**Task brief:**
Starting at the line with "Used 2024 Chevrolet" and ending at the line with "دبا يصمد ويخطف فوزاً ثميناً من خورفكان", print exactly the lines of the entries below. Pictures do not belong in the copy.

-- Supplied data follows --

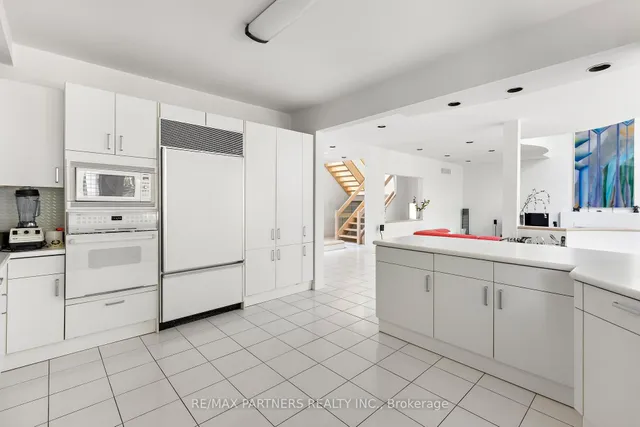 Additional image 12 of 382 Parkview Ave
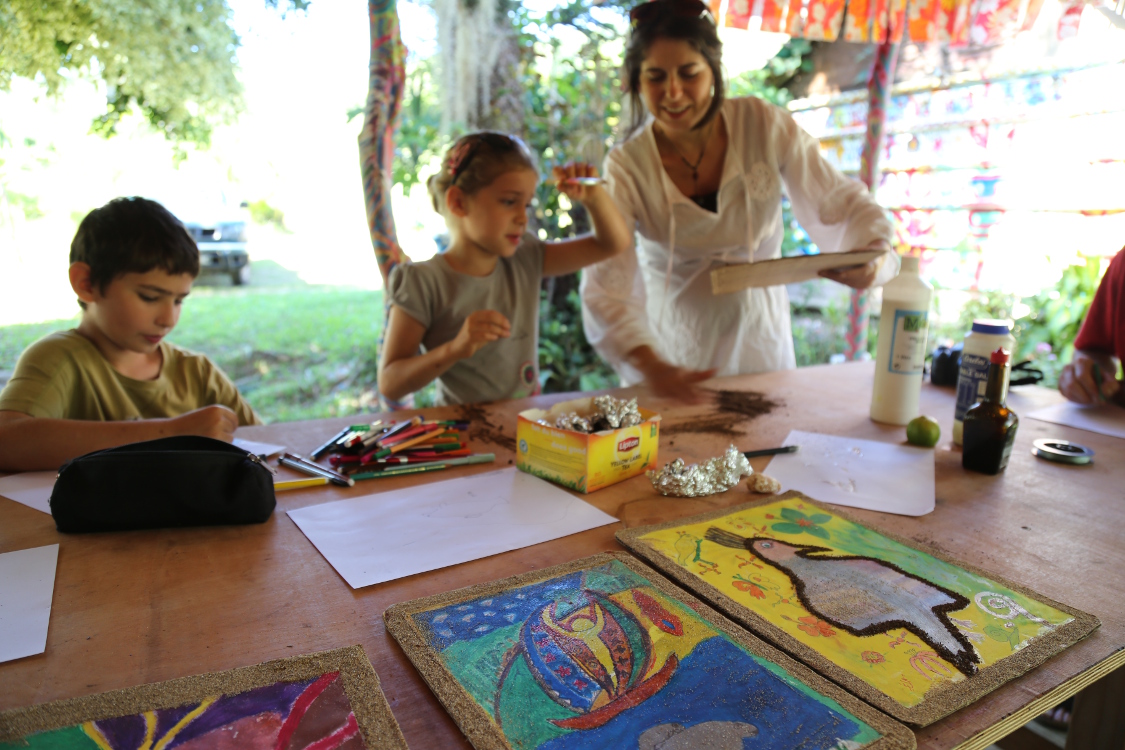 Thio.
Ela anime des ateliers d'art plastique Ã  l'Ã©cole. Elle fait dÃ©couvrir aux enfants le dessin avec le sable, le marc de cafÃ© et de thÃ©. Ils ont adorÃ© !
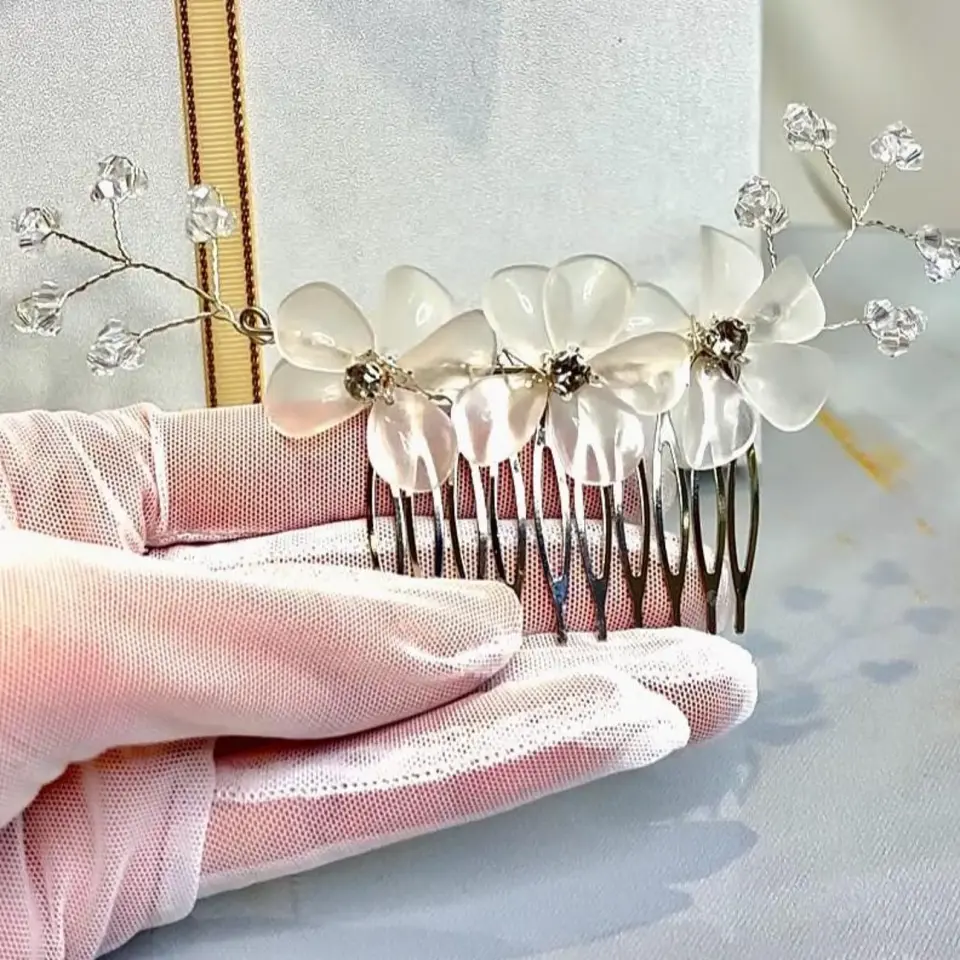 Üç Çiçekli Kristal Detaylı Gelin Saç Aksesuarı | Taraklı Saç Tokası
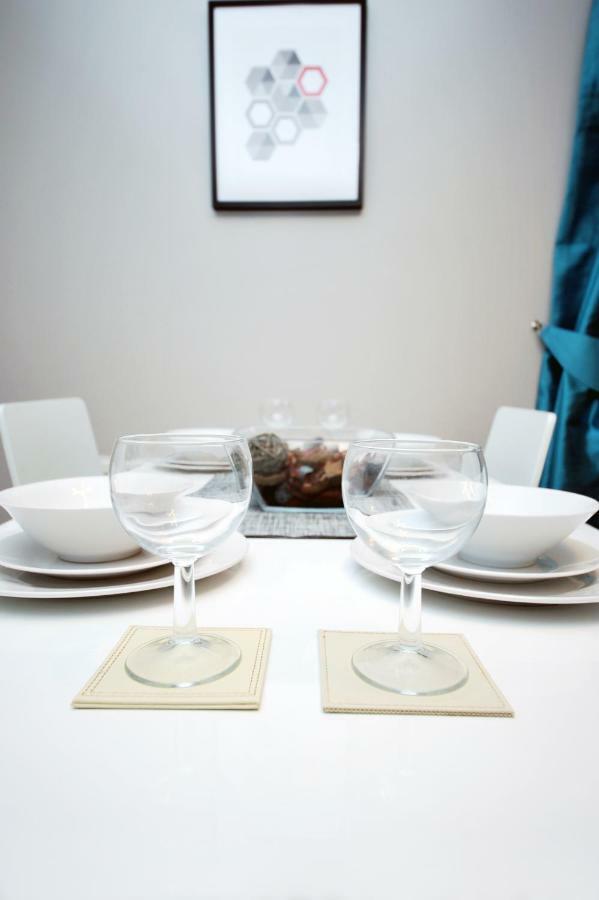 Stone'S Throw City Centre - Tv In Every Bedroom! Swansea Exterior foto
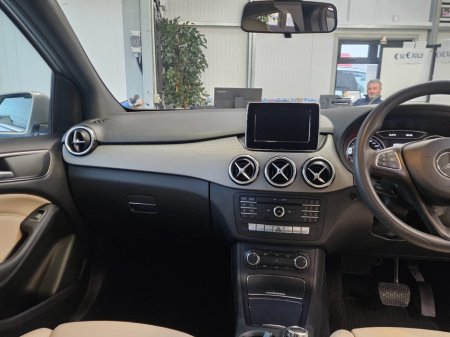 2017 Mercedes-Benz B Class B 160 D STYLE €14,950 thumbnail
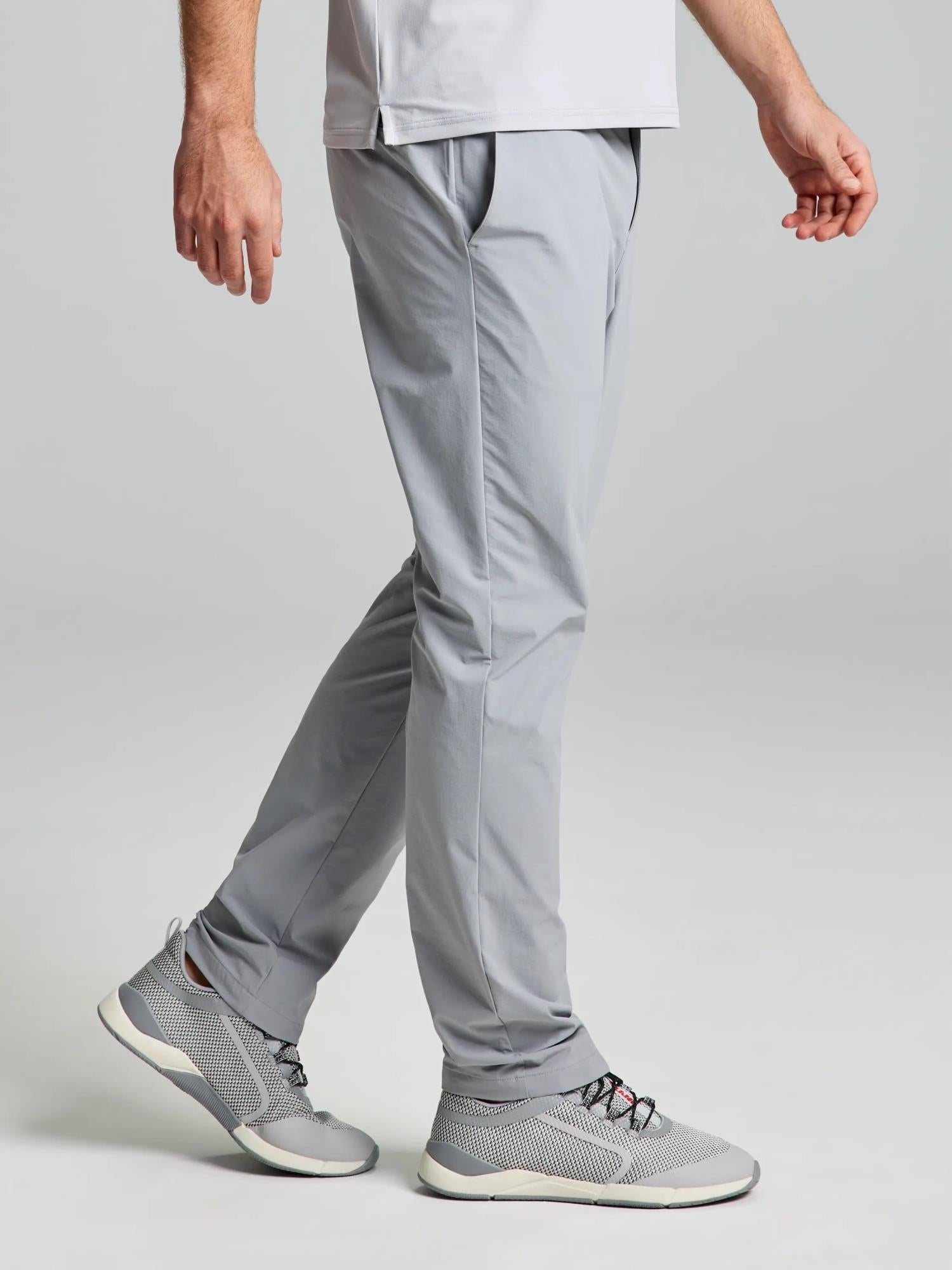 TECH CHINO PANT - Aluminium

-- Supplied data concluded --
-- Supplied data follows --

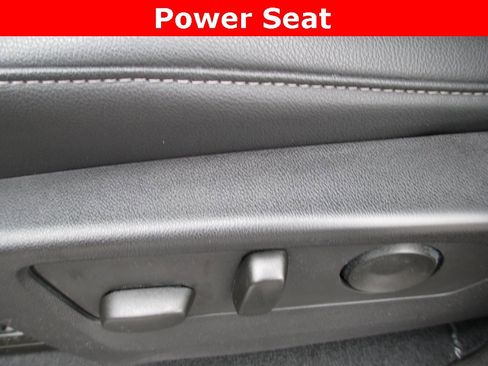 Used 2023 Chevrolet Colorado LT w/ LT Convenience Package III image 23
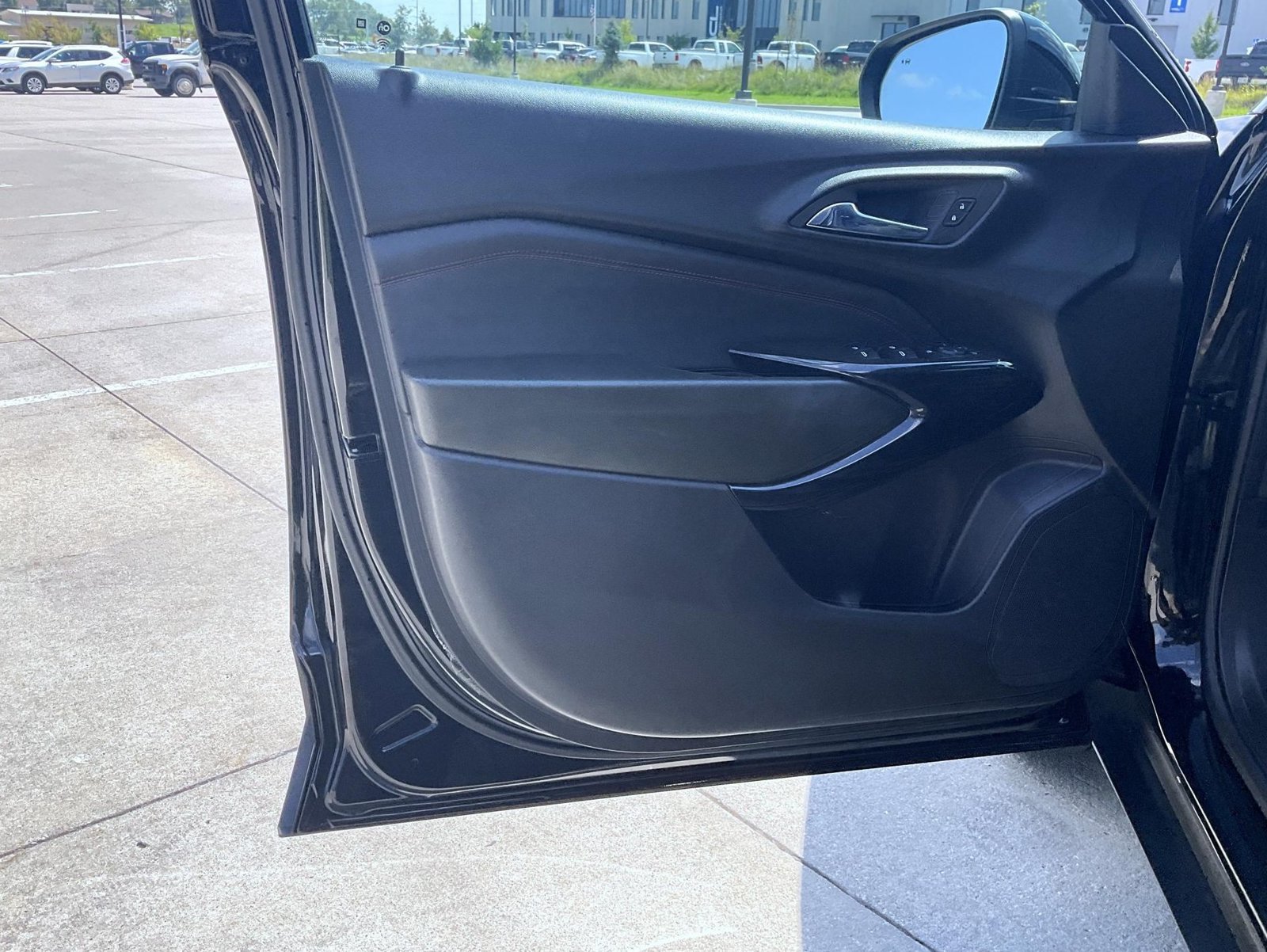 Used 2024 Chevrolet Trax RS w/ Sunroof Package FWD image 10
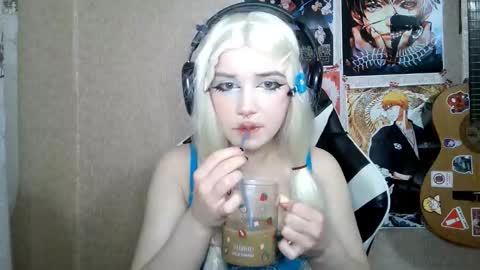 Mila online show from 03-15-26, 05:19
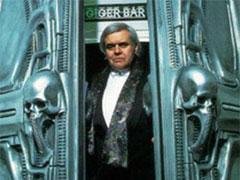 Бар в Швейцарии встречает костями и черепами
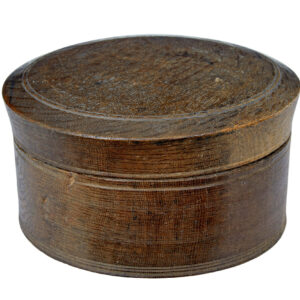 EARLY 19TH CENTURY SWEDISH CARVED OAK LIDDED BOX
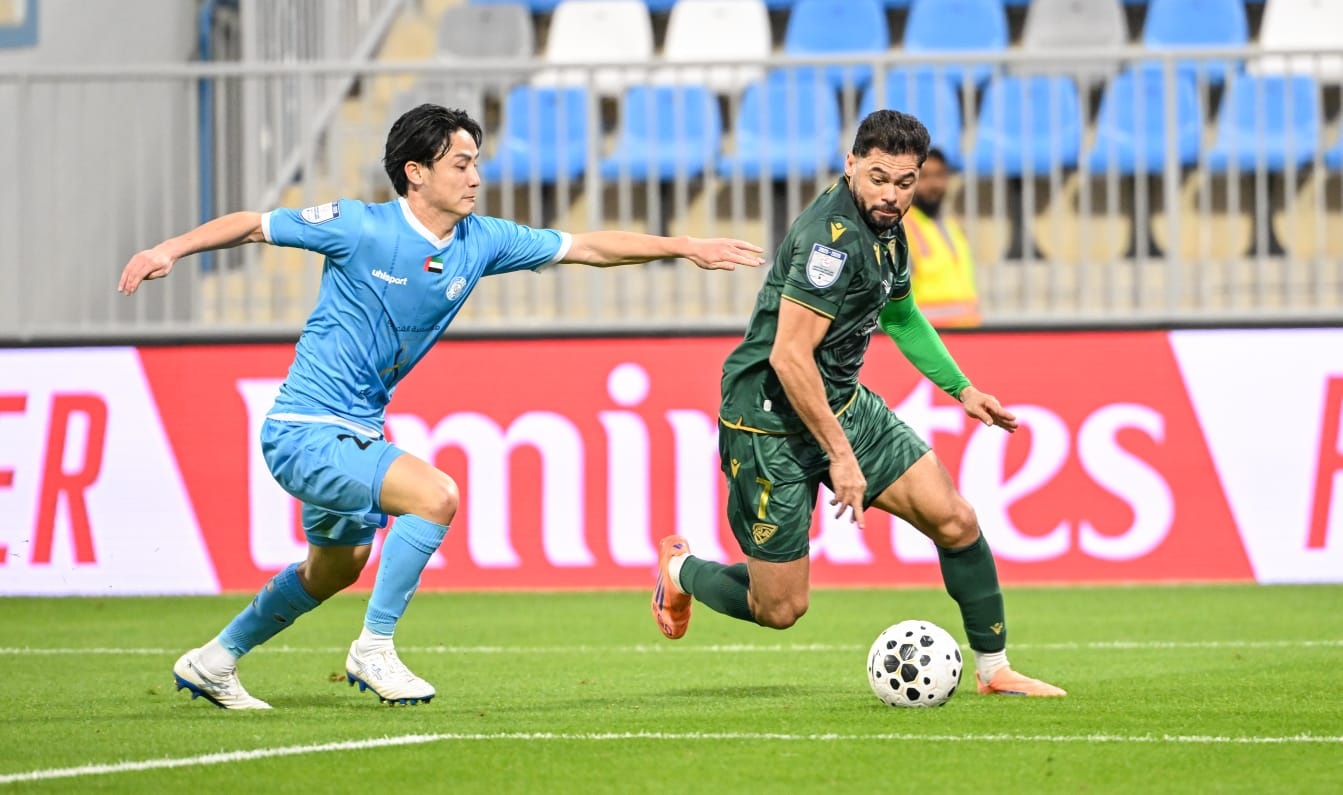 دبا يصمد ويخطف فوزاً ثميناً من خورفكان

-- Supplied data concluded --

**Written response:**
 Used 2024 Chevrolet Trax RS w/ Sunroof Package FWD image 10
 Mila online show from 03-15-26, 05:19
 Бар в Швейцарии встречает костями и черепами
 EARLY 19TH CENTURY SWEDISH CARVED OAK LIDDED BOX
 دبا يصمد ويخطف فوزاً ثميناً من خورفكان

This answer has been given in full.